The independent movie plots the tangles of money, sex, and politics, but it seems geared toward an audience unfamiliar with the genre.
Divisadero Pictures, Knife Fight
Before the opening music wraps on Knife Fight, we've been treated to a litany of clichés that suggests that this is a political movie made for people who have never seen one. Rob Lowe is political consultant Paul Turner, in a film recently screened at the Tribeca Film Festival, co-written and produced by long-time Democratic strategist Chris Lehane, and currently looking for distribution. There's a Friday night document dump, the notion that if one is explaining one is losing, and the suggestion that money is, indeed, the mother's milk of politics. Then things settle on our premise, another well-worn trope: that the best politicians are likely to sleep around. As Turner puts it, "You don't get the outsized talent without the outsized weakness." Eric McCormack is the drawling, darling governor of Kentucky and theater actor David Harbour is an Afghanistan War hero turned senator from California. Both are concerned, right-minded politicians who are flawless but for one flaw: the occasional extramarital sexual dalliance. (The sex really is meant to be toss-aside. It's not even clear whether Harbour's character is conscious at the time of his encounter with the inevitable masseuse.)

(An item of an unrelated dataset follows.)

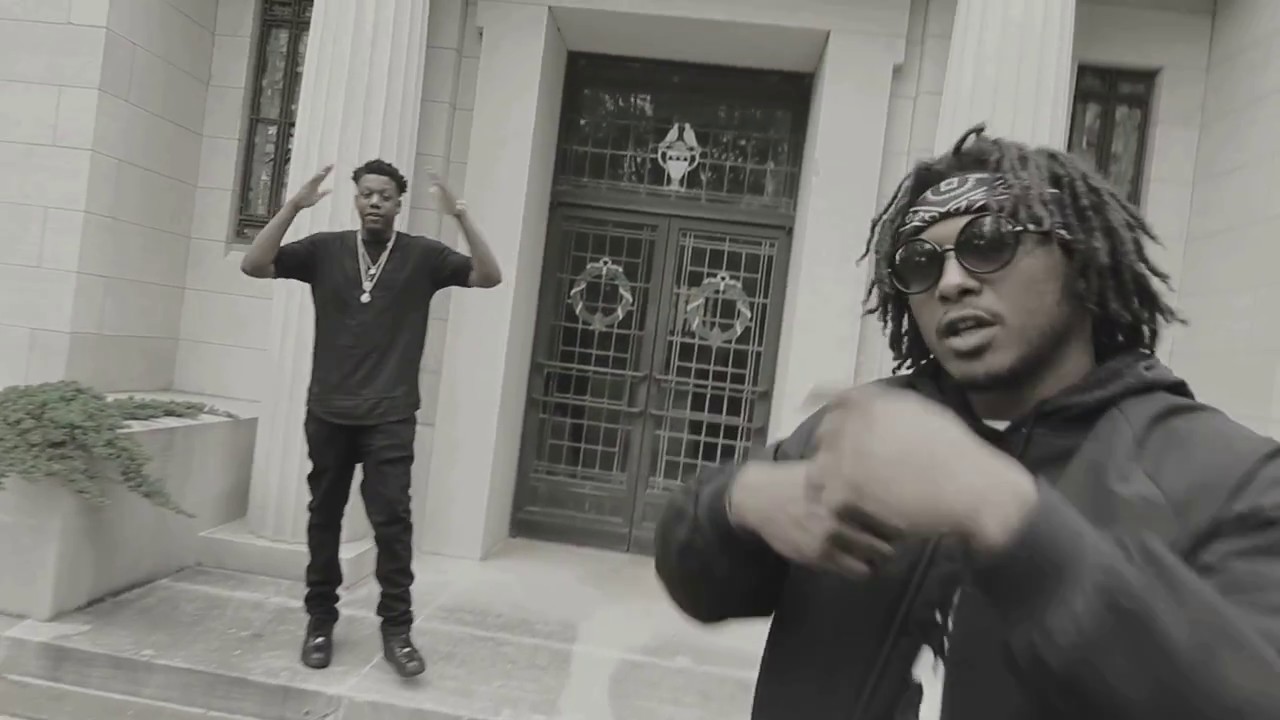 BHM Records ft. Tommyguns - Dead Wrong (Prod. by FlyLikeJimi)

The job of Turner and his allies, including Lowe's The West Wing co-star Richard Schiff, is to keep these cads in office. The operatives work their magic through heartstring-tugging ads crafted by a tattooed video virtuoso, romancing the press, and, when things really count, acts of all-out fraud. Directed by Bill Guttentag, the film is enjoyably fast-paced and even fun in spots, and Lowe and the rest of the cast give it their all. But Knife Fight reduces itself to a simple calculation. You're a political consultant. Is it more honorable for you to help elect and protect smart, committed, and generally decent men with zipper problems -- or to let power go instead to dumb politicians with little more to offer the country than good hair?